Passport non-story illustrates flaws in coverage

Thankfully US politics has provided some real drama and substance in recent weeks, writes Noel Whelan

Thankfully US politics has provided some real drama and substance in recent weeks, writes Noel Whelan. There has been very little of either in Irish politics.

Politics and much of the coverage of it in this country is currently stuck in a groove - the controversy about Bertie Ahern's personal finances just keeps going around and around.

Phil Hogan is a shrewd operator and he showed considerable parliamentary and political skill last Wednesday night. His timing was perfect. Earlier that day he got confirmation in a reply to a parliamentary question that, in 1994, Ahern's office had been involved in processing a passport application for Norman Turner, one of the businessmen behind the proposal at the time to build a casino near the Phoenix Park.
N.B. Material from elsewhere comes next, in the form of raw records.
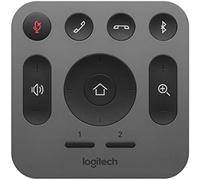 Logitech MeetUp mando a distancia RF inalámbrico Webcam Botones
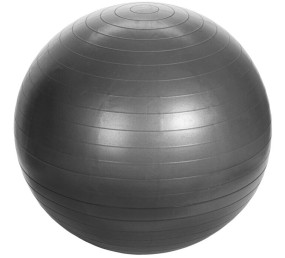 XQMAX Gymnastický míč GYMBALL XQ MAX 65 cm černá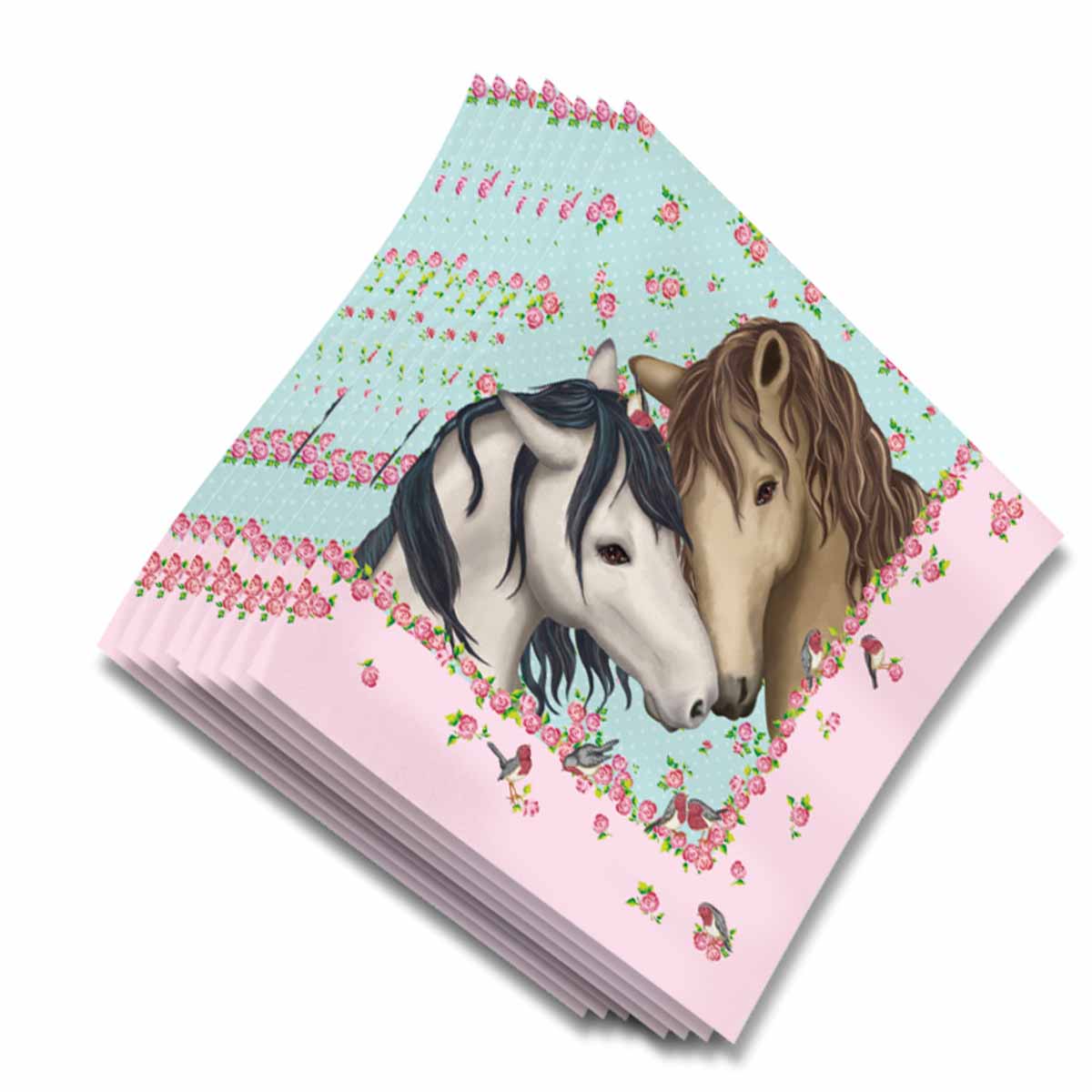 Pferde-Servietten TapirElla 20 Stück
Instead of letting Enda Kenny use this new information in leaders' questions that afternoon, Hogan decided to keep it so it could be deployed to greater effect during the Dáil debate on the Mahon tribunal. In doing so he was forgoing coverage in the early evening news bulletins, but as a result guaranteed a greater impact in later broadcasts and in the following morning's newspapers. However, not even Hogan could have hoped for the whirlwind that his story generated.

READ MORE

Hogan claimed that Ahern's involvement in facilitating Turner's passport application showed that he had a closer association with the casino developer than he had previously suggested. On foot of Hogan's claim the main RTÉ evening news bulletin led with the headline that the Taoiseach had new questions to answer. This was followed by live reporting from the front of Government Buildings which revisited the controversy about the Phoenix Park casino, repeated how Turner had given a donation to Fianna Fáil, reminded viewers of the suggestion of lodgements of foreign currencies into the Taoiseach's accounts in the 1990s, and then reported on Hogan's new information, which it was claimed was serious and significant.

There followed an extended clip featuring soundbites from Hogan, who repeated all these surrounding details and implied that coincidences in timing suggested nefarious things had gone on. Then it was back live to Government Buildings for even more reporting and a promise that this story would run and run. A denial from the Taoiseach's spokesperson that there was anything improper about the passport application was reported at the top of the story but was quickly lost in the overall suggestion that this was a significant twist to the Ahern finances controversy.

The passport story was followed in the news bulletin by another report about the rest of the Dáil debate on the Mahon tribunal, which ran right up to the commercial break. The people of Arklow have some entitlement to feel aggrieved that, as a result of the extended coverage of this passport story, the loss of 360 jobs in their town was relegated to the second half of the bulletin.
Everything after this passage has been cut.